### What the exercise asks
Copy task. Retype the whole listing exactly, omitting any picture in it.

■ ■ ■ ■

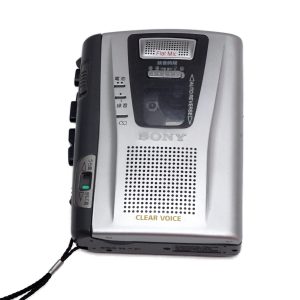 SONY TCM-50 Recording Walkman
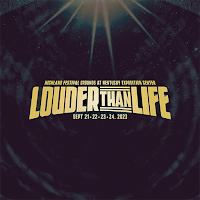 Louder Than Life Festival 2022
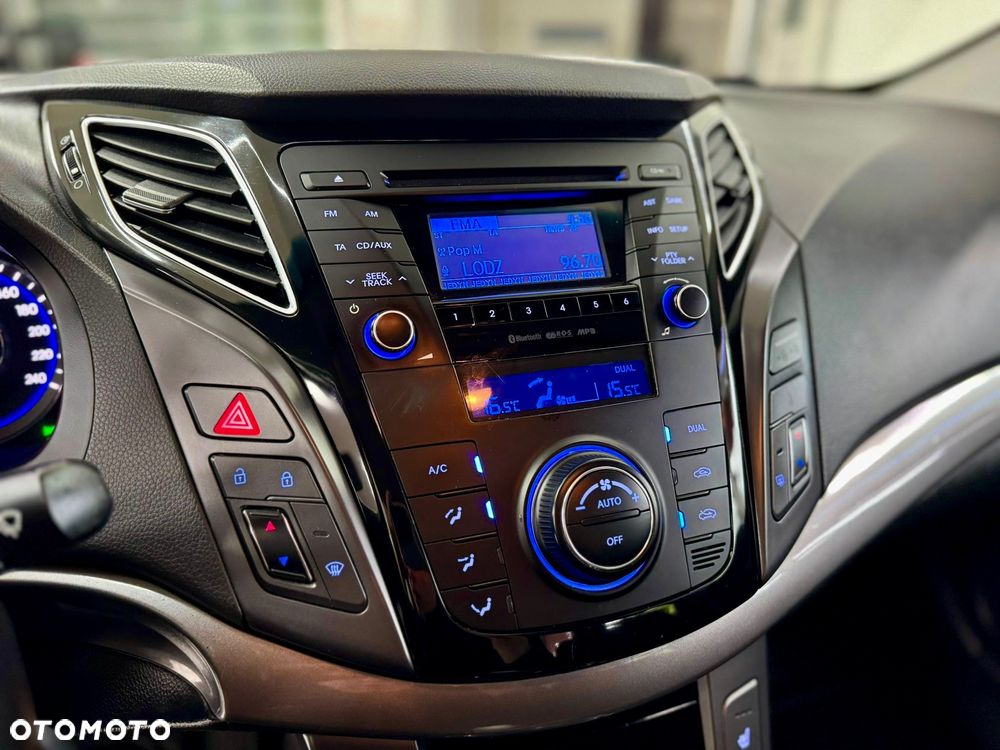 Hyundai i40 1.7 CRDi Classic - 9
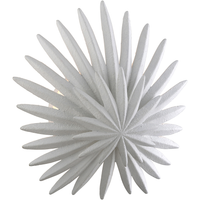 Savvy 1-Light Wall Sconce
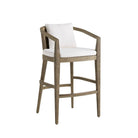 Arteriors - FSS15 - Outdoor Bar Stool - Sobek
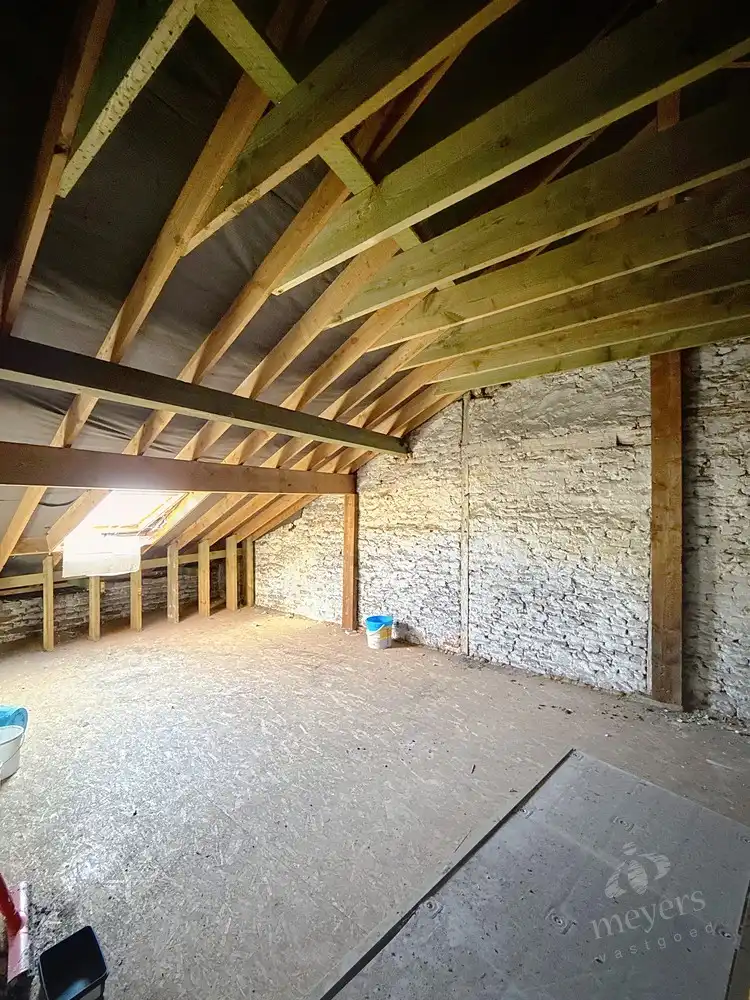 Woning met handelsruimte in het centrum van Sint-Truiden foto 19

■ ■ ■ ■

### Result of the task
 SONY TCM-50 Recording Walkman
 Louder Than Life Festival 2022
 Hyundai i40 1.7 CRDi Classic - 9
 Savvy 1-Light Wall Sconce
 Arteriors - FSS15 - Outdoor Bar Stool - Sobek
 Woning met handelsruimte in het centrum van Sint-Truiden foto 19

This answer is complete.